Media portrayal of Muslims: a skewed narrative
During the course of the Australian hostage crisis last year carried out by Muslims, a CNN ticker read, ‘Should Muslims Always Denounce Terror?’ An opinion piece in Fox News titled ‘Sydney Hostage Crisis: Australia has lost its innocence’ argued that, ‘Islamist views are incompatible with the liberty enjoyed by Australians and Americans.’
In 2010, right wing leaders—and notably Sarah Palin—expressed outrage at the news that a mosque was to open on the site of the 9/11 attack. The story turned out to be false as the ‘mosque’ in question was to be a Muslim community centre a few blocks away from the place where the heinous twin tower attacks took place.
While a quick fact-check should have cleared the nonsensical claims of Palin and others, the story was a top feature across the mainstream media. From talk about the arrival of Sharia law to rumours of Iranian funding, the 24/7 news cycle—fuelled especially by the right wing outlets like Fox—seemingly convinced a sizable number of Americans that this center was an insult to the victims of 9/11.
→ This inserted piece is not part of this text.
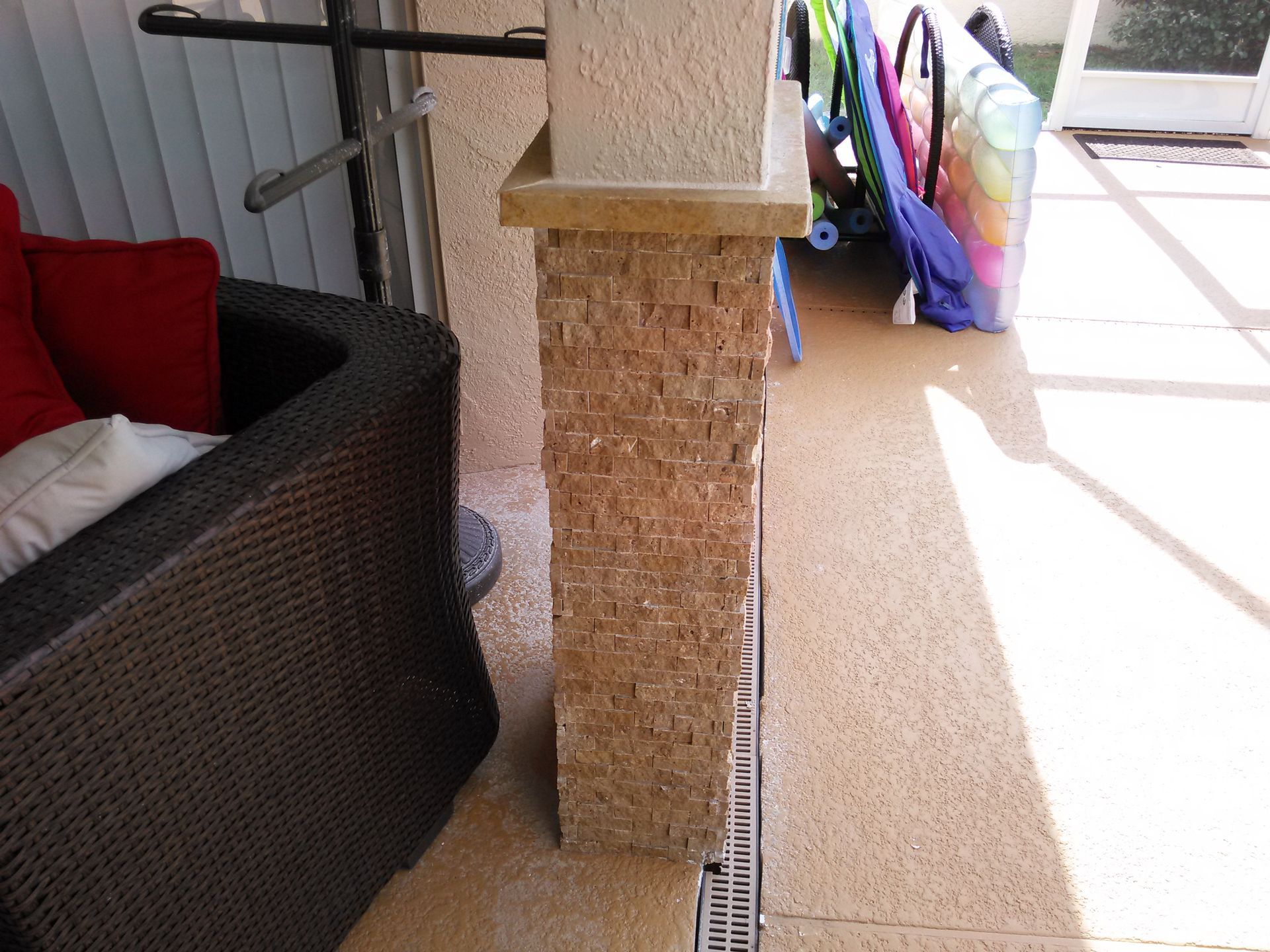 Sunlit patio with wicker chair, stone column, and tiled floor beside a walkway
The coverage of the more centre leaning channel CNN did Muslims no favors either. In a conversation between leading CNN anchor Don Lemon and interfaith activist Eboo Patel at the height of the controversy, Lemon suggested the protests against the mosque needed to be understood in a specific context:
‘Don’t you think it’s a bit different considering what happened on 9/11? And the people have said there’s a need for it in Lower Manhattan, so that’s why it’s being built there. What about 10, 20 blocks . . . Midtown Manhattan, considering the circumstances behind this? That’s not understandable?’
Patel replied that, ‘In America, we don’t tell people based on their race or religion or ethnicity that they are free in this place, but not in that place...’ Lemon only reasserted that, ‘I understand that, but there’s always context… You understand that this is very heated. Many people lost their loved ones on 9/11.’
In trying to provide ‘context,’ Lemon seems to be giving the impression that the Muslim community, abroad and in the US, was somehow linked to Al-Qaeda terrorists.
Chapel Hill murders: The media distortion continues
As the mainstream media continues to marginalize Muslim voices, American Muslims are finding it extremely difficult to be heard.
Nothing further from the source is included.